Thursday, 23 November 2017

The earliest wheats of Ukraine (5400 BC)

The eastern areas of Europe and their transition to the steppe that lead to Central Asia remains one of the less well-studied regions archaeobotanically. The sparseness of reliable evidence has meant that the region is sometime discussed in terms of an alternative eastern source of crops from Europe, in addition to the main thrust from Anatolia through Greece and the Balkans, and it is sometimes mooted as a region of some crop origins, such as spelt wheat. New data is always welcome, especially of a high empirical calibre, from systematic sampling and backed up by AMS dating.

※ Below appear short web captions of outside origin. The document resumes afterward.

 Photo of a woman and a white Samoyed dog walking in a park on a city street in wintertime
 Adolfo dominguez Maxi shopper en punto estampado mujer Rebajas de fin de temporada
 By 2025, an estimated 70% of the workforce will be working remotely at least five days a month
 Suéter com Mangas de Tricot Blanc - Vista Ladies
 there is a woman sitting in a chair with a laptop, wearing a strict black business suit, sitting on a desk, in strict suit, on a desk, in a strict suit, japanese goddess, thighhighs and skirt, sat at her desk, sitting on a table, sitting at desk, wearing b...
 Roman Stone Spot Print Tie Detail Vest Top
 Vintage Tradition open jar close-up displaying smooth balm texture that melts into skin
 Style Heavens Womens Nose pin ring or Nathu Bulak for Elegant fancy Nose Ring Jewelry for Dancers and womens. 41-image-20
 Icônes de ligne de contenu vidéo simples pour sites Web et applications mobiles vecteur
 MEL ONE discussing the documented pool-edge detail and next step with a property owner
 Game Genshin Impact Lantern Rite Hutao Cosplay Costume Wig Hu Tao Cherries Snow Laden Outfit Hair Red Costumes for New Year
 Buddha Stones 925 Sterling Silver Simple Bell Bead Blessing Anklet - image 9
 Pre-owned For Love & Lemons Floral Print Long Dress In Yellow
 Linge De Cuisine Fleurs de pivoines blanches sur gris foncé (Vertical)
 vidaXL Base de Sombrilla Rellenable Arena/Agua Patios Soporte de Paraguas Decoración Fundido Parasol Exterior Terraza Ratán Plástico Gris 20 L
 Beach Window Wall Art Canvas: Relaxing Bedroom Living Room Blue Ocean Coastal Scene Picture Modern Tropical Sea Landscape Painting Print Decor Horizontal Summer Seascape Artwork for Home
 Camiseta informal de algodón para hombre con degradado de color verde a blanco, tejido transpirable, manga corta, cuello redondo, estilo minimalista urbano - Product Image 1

New data from the Ratniv-2 site in Western Ukraine, near the eastern frontiers of the Linear Pottery (LBK) culture, has been published by Motuzaite Matuzeviciute and Telizhenko in Archaeologia Lituana. This is an important record of early crops, and as the authors point out, it clearly points to similarities to the West and Southwest in Neolithic  Europe and suggest a spread towards Ukraine from the West in the Neolithic, rather than the east. The assemblage consists of wheats, barley, flax, lentil and pea. Two direct AMS radiocarbon dates on emmer wheat grains place these assemblages between 5400 and 5200 cal.BC. Of particular interest is that the wheats here include not just einkorn and emmer but apparently at some of the socalled "new type glume wheat," which these and other authors sometimes equate with Triticum timopheevi, and 20th century relict wheat found north of the Caucasus (western Georgia). That the archaeological "new type" has the AAGG genome of timopheevi remains unproven-- although I agree it is likely. It is perhaps more accurate to regard T. timopheevi as the relict remnant of what was a once a much more diverse and widespread species of wheat, which in all likelihood originated in the Anatolia and spread through many part of Europe and east through northern Iran in the Neolithic. I have sometimes offered the name "striate emmeroid" as a descriptive alternative to  "new type", as it is hard to think of something that has been largely extinct since the Bronze Age as new, and this wheat type has been in discussion by archaeobotanists for around 20 years...

In any case, what is notable about this assemblage is that is corresponds to those crops that are most common in the Neolithic of southwest Europe, supporting the ceramic and settlement evidence that attributes to the origins of agriculture in western Ukraine to spread from the west.